How Medicare’s payment overhaul tries to change how docs use tech
Medicare’s new system for paying physicians will kill off the so-called “meaningful use” regime the government has used for the past five years to judge whether providers deserved to be rewarded for using electronic health records.
But Medicare will still hold doctors accountable for incorporating information technology into their practices. And clinicians may still struggle to clear the bar, even though the new law and the proposed rule the CMS issued last week have made significant efforts to make the new framework less rigid and more valuable.
Under the Medicare Access and CHIP Reauthorization Act (MACRA), the CMS will roll its new IT metrics, to be dubbed Advancing Care Information, into a unified incentive-payment system applicable to most physicians.
The IT part, accounting for 25% of physicians’ overall score, emphasizes interoperability, information exchange and security.
It also makes an effort to reorient how Medicare gauges the success of IT toward how useful it is to clinicians and patients, including through requiring the use of application program interfaces, commonly known as APIs. APIs make it possible for data to flow between different systems.
The new framework would omit requirements such as clinical decision support and computerized provider-order entry in physician EHRs.

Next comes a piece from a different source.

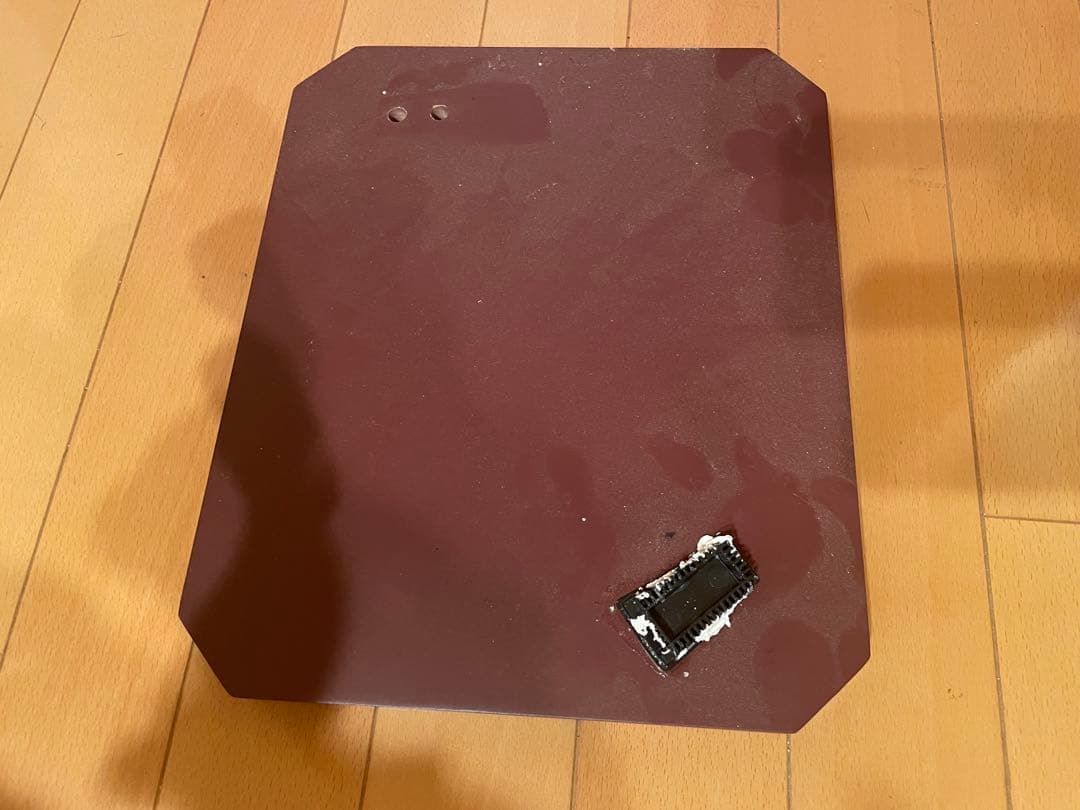 う*り様 高坂桐乃　等身大　1/2.5フィギュア ジャンク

And by allowing physicians to choose from a number of categories, the program seeks to correct the all-or-nothing approach that was a common gripe lobbed at the former meaningful-use rules.
The CMS has touted that the program allows physicians to choose sev---
eral paths to achieve a maximum score in the IT category, but that flexibility only comes into play for their “performance” score. Physicians must satisfy all of the requirements for their base score (half the total), or they’ll receive a zero.

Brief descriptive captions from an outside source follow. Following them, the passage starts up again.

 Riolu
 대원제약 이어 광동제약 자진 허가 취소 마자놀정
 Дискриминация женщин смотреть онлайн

“We appreciate the attempt at flexibility, but we really want to see a system that maybe is a little bit less prescriptive,” said Robert Tennant, health IT policy director for the Medical Group Management Association.
Physicians would have to demonstrate that their EHR system isn’t “data-blocking,” a term the government uses to refer to a broad range of activities that hinder the sharing of information among various IT products, often for competitive reasons.

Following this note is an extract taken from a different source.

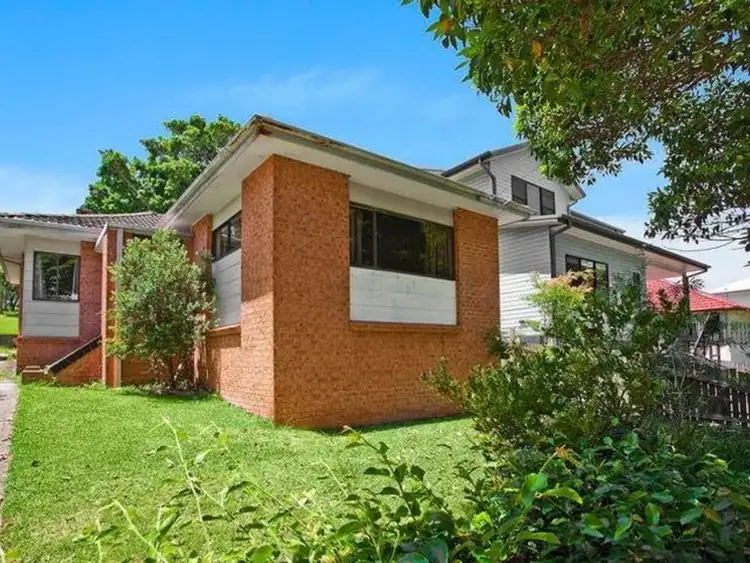 19 Boyce Avenue, Austinmer NSW 2515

Another notable provision would require physicians and hospitals to allow HHS’ Office of the National Coordinator for Health Information Technology to evaluate the performance of their EHR systems, giving the agency authority as a post-market reviewer of health IT products to make sure they work as promised in the real world.
Many physicians would welcome that, said Dr. Steve Waldren, director of the American Academy of Family Physicians’ Alliance for eHealth Innovation. Some AAFP members have discovered that the systems they bought don’t have certain quality measurement or interoperability features that were promised by the manufacturer.
Waldren stressed, however, that providers need to be held harmless if their EHR doesn’t pass a field inspection because of manufacturer issues, and the ONC needs to maintain grace periods that allow providers to switch products if theirs are decertified.
The proposed rule also asserts the importance of technology in healthcare beyond the realm of patient records—namely in telehealth. The CMS proposes to “include telehealth services in the definition of patient-facing encounters,” a practice some states and insurers have resisted.
“If the way that the MACRA law treats technology continues and branches off, it could be a gamechanger for healthcare,” said Robert Horne, executive director of Health IT Now, a coalition of payers, provider organizations and patient-advocacy groups.